(Items from a dataset)
--------------------
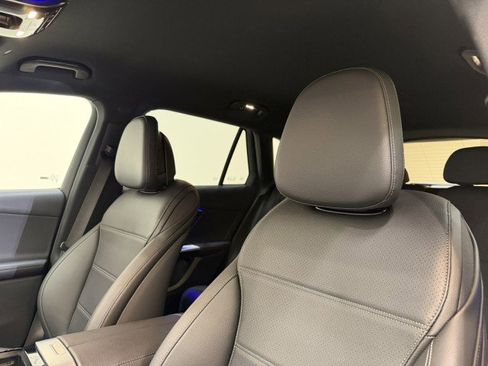 Certified 2025 Mercedes-Benz GLC 300 image 16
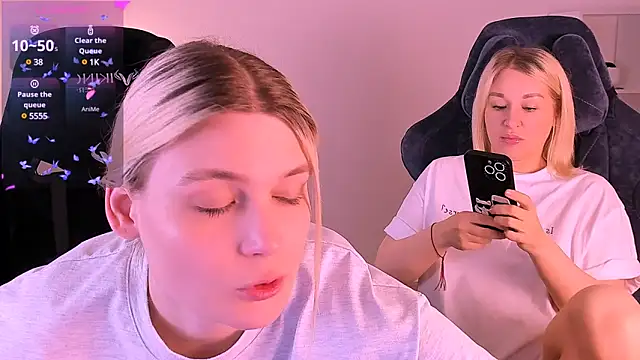 hotblonds online show from December 7, 7:43 pm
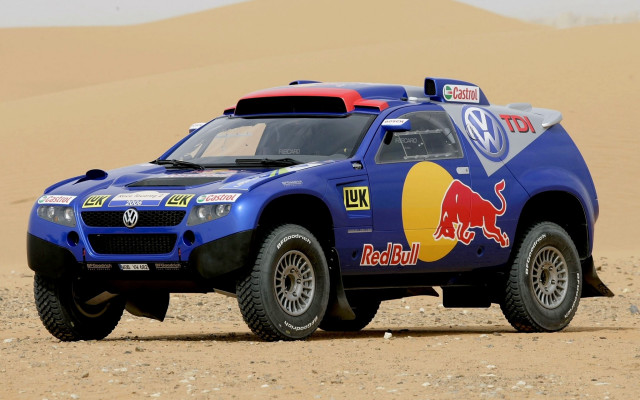 Blue truck red bull desert free wallpaper - medium preview image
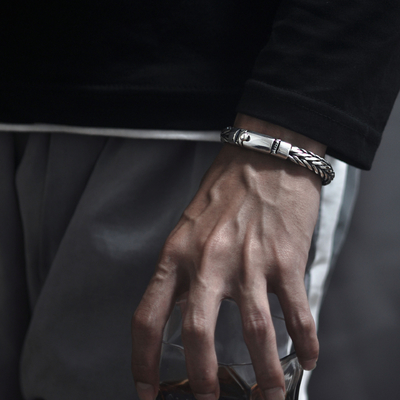 Retro Style S925 Silver Bracelet Handwoven Keel Design for Men's Fashion Statement
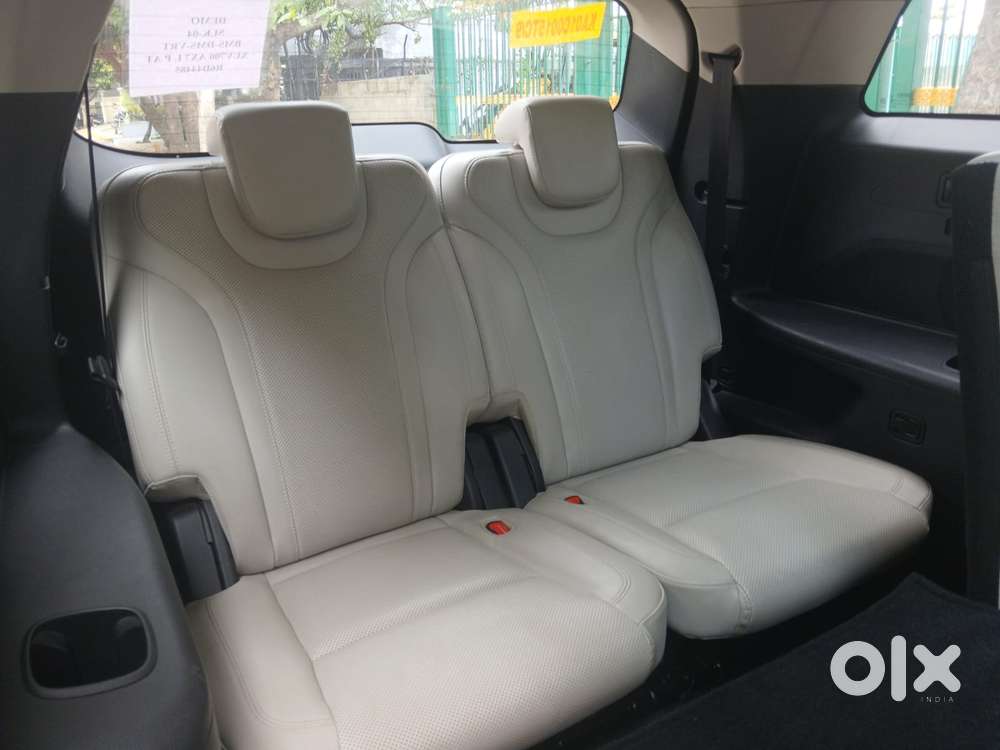 Mahindra Xuv700 2.0 Ax 7 Petrol At Luxury Pack Str, 2024, Petrol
--------------------
_EXERCISE BRIEF_
The answer consists solely of the lines from the one holding "Blue truck red" through the final line of the records, both ends included, each duplicated exactly. Leave images out.

_EXERCISE RESULT_
 Blue truck red bull desert free wallpaper - medium preview image
 Retro Style S925 Silver Bracelet Handwoven Keel Design for Men's Fashion Statement
 Mahindra Xuv700 2.0 Ax 7 Petrol At Luxury Pack Str, 2024, Petrol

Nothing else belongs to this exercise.